The recent announcement on Twitter, Coinbase is eager to broaden its offerings and develop the overall crypto-economy. The crypto exchange wants to start offering futures and derivatives trading on its platform by registering as an FCM, which comprises trading in futures or options for payment of money or other assets from clients.
As of now, the application status for Coinbase Global on the NFA website is still pending. Once approved, the next step would be to register with the Commodity Futures Trading Commission (CFTC). After that, the exchange would need to apply for a specific product or fund with the Securities and Exchanges Commission (SEC).
However, SEC’s tough stance against the crypto industry and exchanges has already created problems for Coinbase. Just last week, the crypto exchange released a blog post talking about the SEC’s decision to sue Coinbase over its latest initiative, Lend. Through the write-up, Paul Grewal, Coinbase’s Chief Legal Officer, explains that they have received a “Wells notice” about their upcoming Lend program. Grewal also explained that a “Wells notice” is a letter the SEC sends to inform people or firms that it intends to sue them in court. However, Grewal was explicit in mentioning that they still have no clue of the reason behind the SEC’s decision to sue.
It seems that the financial regulator is unhappy with the Lend program, which offers a 4% annual return on USDC deposits for US customers, claiming that it violates securities laws. Coinbase CEO Brian Armstrong has called out the SEC over the decision to sue, questioning the lack of clarity on crypto regulation.
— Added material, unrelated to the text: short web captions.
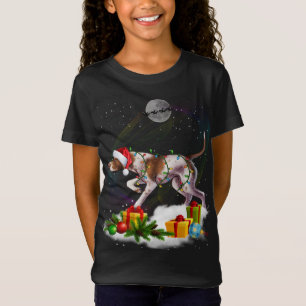 Grappige Pointer Hond Kerstverlichting Santa Hoed T-shirt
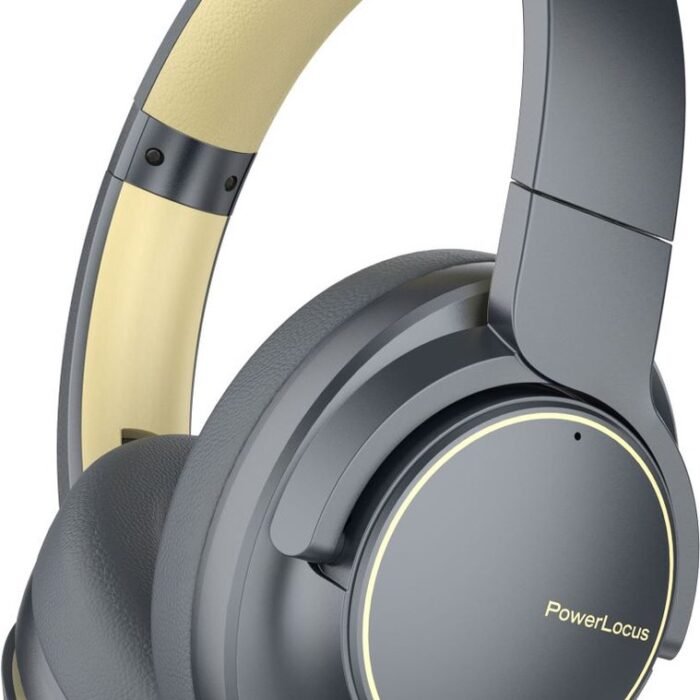 PowerLocus MoonFly Koptelefoon Over-Ear met Passief Noise Cancelling, Draadloze Hoofdtelefoon, Voice Assistant Activation - Asphalt Grey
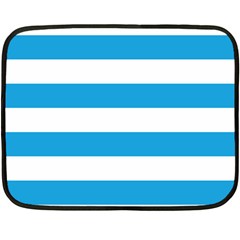 Oktoberfest Bavarian Blue And White Large Cabana Stripes Fleece Blanket (mini) by PodArtist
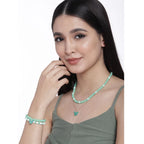 Women's Rose Gold Plated Brass Pendant Chain With Beaded Bracelet (Light Green)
The crypto exchange has been in the news a fair bit lately, mostly because of its aggressive expansion approach. Most recently, Coinbase Global had announced that it is offering senior notes in a private sale being managed by the Goldman Sachs Group. The exchange is hoping to secure a $1.5 billion offer to help boost its balance sheet and establish widespread crypto adoption in a crypto-strict environment. In addition, back in August, the company had spoken about its $4 million safety fund that it had set aside to be used in the event of regulatory scrutiny, crypto industry risks, and the possibility that the sector might enter an extended bear market.